This is because spaces typically are encoded by model tokenizers.
In many cases it would be redundant to show spaces, so tokenizers collapse them down to no spaces at all. Instead the model reads tokens as if the spaces never existed.
For example it might output: thequickbrownfoxjumpsoverthelazydog
Except it would actually be a list of numbers like: [1, 256, 6273, 7836, 1922, 2244, 3245, 256, 6734, 1176, 2]
Then the tokenizer decodes this and adds the spaces because they are assumed to be there. The tokenizer has no knowledge of your request, and the model output typically does not include spaces, hence your output sentence will not have double spaces.
The tokenizer is capable of decoding spaceless tokens into compound words following a set of rules referred to as a grammar in Natural Language Processing (NLP). I do LLM research and have spent an uncomfortable amount of time staring at the encoded outputs of most tokenizers when debugging. Normally spaces are not included.
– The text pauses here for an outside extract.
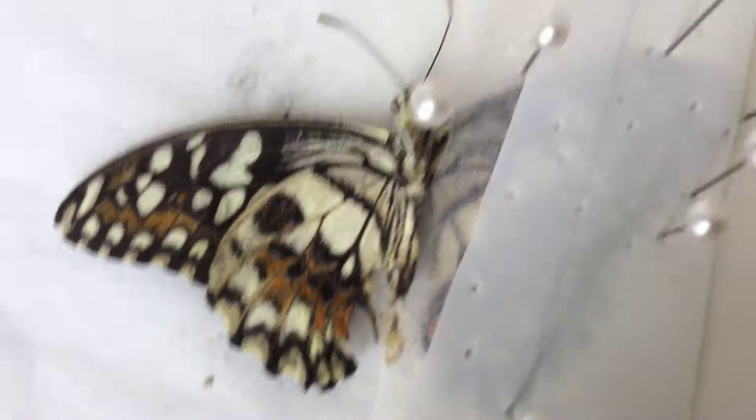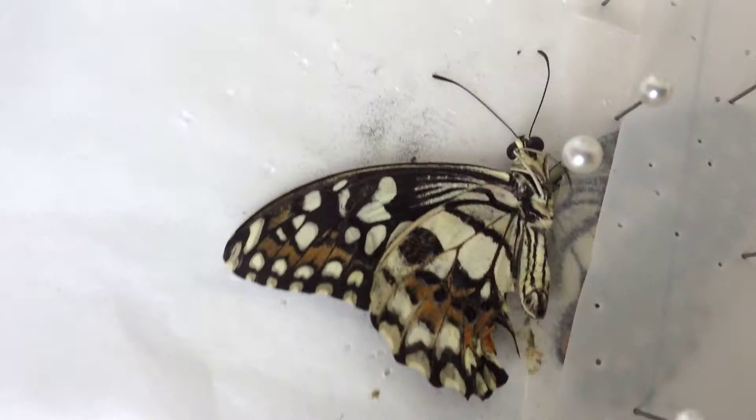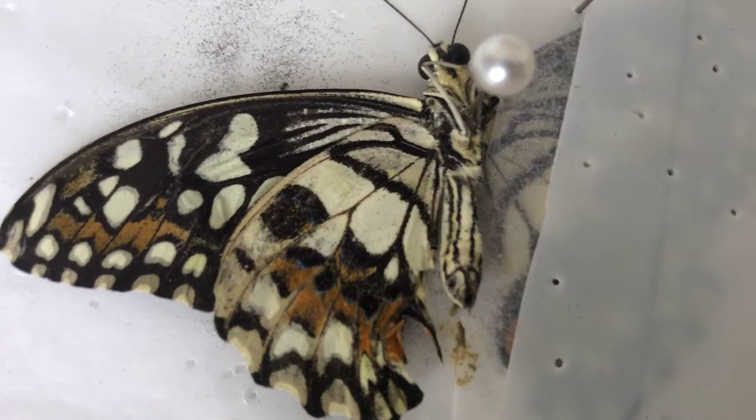Hey guys, this is Michael from MichaelTubeHD. Right now you're not staring at my handsome photos, but you're staring at a live butterfly specimen, because we're going to be mounting the specimens.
There is of course a token for spaces in special circumstances, but I don’t know exactly how each tokenizer implements those spaces. So it does make sense that some models would be capable of the behavior you find in your tests, but that appears to be an emergent behavior, which is very interesting to see it work successfully.
I intended for my original comment to convey the idea that it’s not surprising that LLMs might fail at following the instructions to include spaces since it normally doesn’t see spaces except in special circumstances. Similar to how it’s unsurprising that LLMs are bad at numerical operations because of how the use Markov Chain probability to each next token, one at a time.